Thursday, June 21, 2007

the email bud





Another flash chesnut from last century. Let's see if it plays. I imagined interactive animation was the coming thing. still waiting. click around in this piece.

it doesn't scale down so well, but maybe you'll get a laugh. The email was real...titled "not good."

I get a kick out of this one. Tomorrow I'll see if I can scale the text so you can read it okay. Tonight I have agility with Molly, and sheep herding in the morning.

after agility... pumped up from running the course with a most excellent German Shepherd. Found a bitmap of the original email, gotta show you:

7 comments:

Anonymous said...

This is wonderful. We want more.

Sally said...

I think interactive animation should be the coming thing. You are ahead of your time!

Anonymous said...

Who in hell is Erle? What is he talking about?

Sally said...

The original not good email came from nowhere- no idea who erle is/was. He must have gotten my address off my site.

Anonymous said...

I'm glad you cleared that up about the email. Fun new photo of you!

Linda Davick said...

"I imagined interactive animation was the coming thing. still waiting."

This has got to be because there aren't many people who have both
- imagination
- the concentration necessary to make the interactivity work
(I like to draw and eat snacks all day while using my head for a hat rack.)

Sally said...

It's just the way the digital hive keeps evolving, I think. buzzing this way, buzzing that way.

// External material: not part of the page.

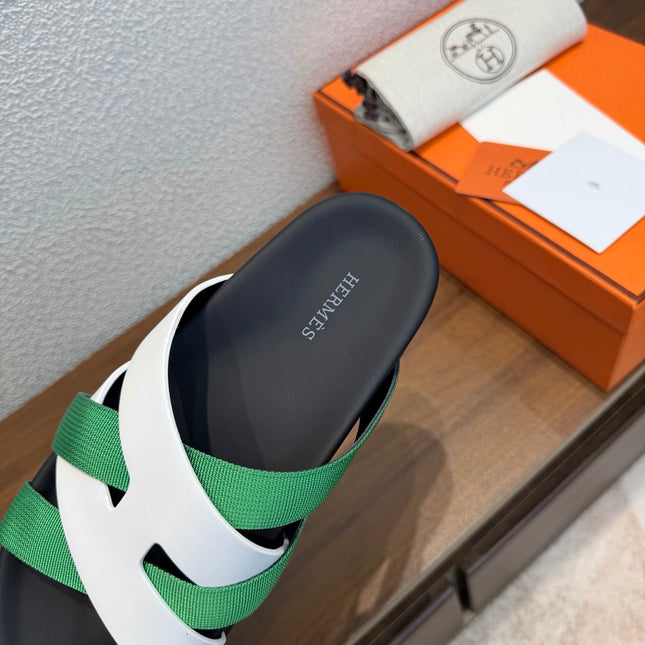 HM 26S KAZIMIR SANDAL IN WHITE CALFSKIN AND GREEN FABRIC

For instance, when I got my first computer and was trying to make sense of things, Macromedia Director was the hot program. It came with a dictionary of scripting terms in their language called "Lingo". The dictionary was bigger than the biggest phone book ever.

Director allowed you to do more extravagant interaction than any other program. It was MUCH more sophisticated than Flash. It was used to create many of the cd-rom games. (now passe.)

There used to be lots of examples on the web, using the Shockwave plug-in, but you see that pretty rarely these days, and when Adobe bought Macromedia they chose not to release a new version of Director.

I never learned "Lingo" in any depth, but it used natural speech commands (nouns and verbs) rather than the strange things in Flash today, so it was probably really satisfying to use once you got used to the concepts.

And DVDs aren't interactive, aside from just menu clicks.

Some new format/software will kick all these present formats into the bushes.